A complete Android sample (image picker + before/after) is in the official
[google-ai-edge/litert-samples](https://github.com/google-ai-edge/litert-samples) repo under
`compiled_model_api/image_restoration`.

## How it converts (litert-torch)

NAFNet is fully convolutional (any size that is a multiple of 16; exported here at 256×256). Three
numerically-exact GPU re-authorings:

1. **`LayerNorm2d` → fp16-safe channel LayerNorm.** NAFNet's residual stream grows large (|x|≈175 at the
   bottleneck), so the LayerNorm channel reductions `Σ_c x` and `Σ_c (x−μ)²` (~15M) **overflow fp16 (max
   65504)** on the Mali delegate (which computes in fp16 regardless of the model dtype) → a grid artifact.
   Doing the reductions in a down-scaled `x/S` domain (S=128) and rescaling is numerically exact and fp16-safe.
2. **Simplified Channel Attention `AdaptiveAvgPool2d(1)` → `mean(3).mean(2)`** (two single-axis means).
3. **Upsample `Conv2d(1×1)+PixelShuffle(2)` → Conv2d + depth-to-space `ZeroStuffConvT2d`**.
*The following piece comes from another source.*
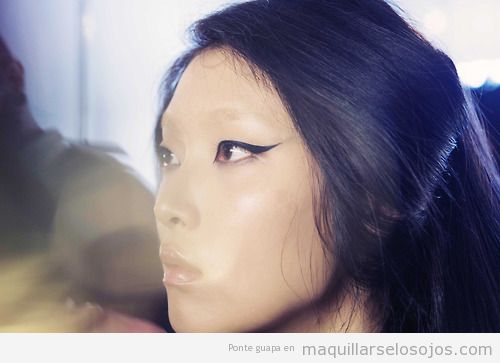 Maquillaje ojos original, modelo Cushnie et Ochs, otoño invierno 2014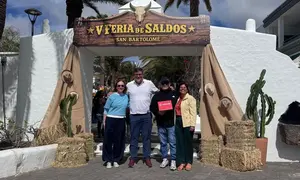 Cr&oacute;nicas Radio llev&oacute; a cabo un programa especial con motivo de la V Feria de Saldos.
Result: banned ops NONE, all tensors ≤4D, tflite-vs-torch corr **1.0**, device-vs-torch corr **1.0**.

## License

[MIT](https://github.com/megvii-research/NAFNet/blob/main/LICENSE). Upstream:
[megvii-research/NAFNet](https://github.com/megvii-research/NAFNet). Original weights:
NAFNet-GoPro-width32 from the official release.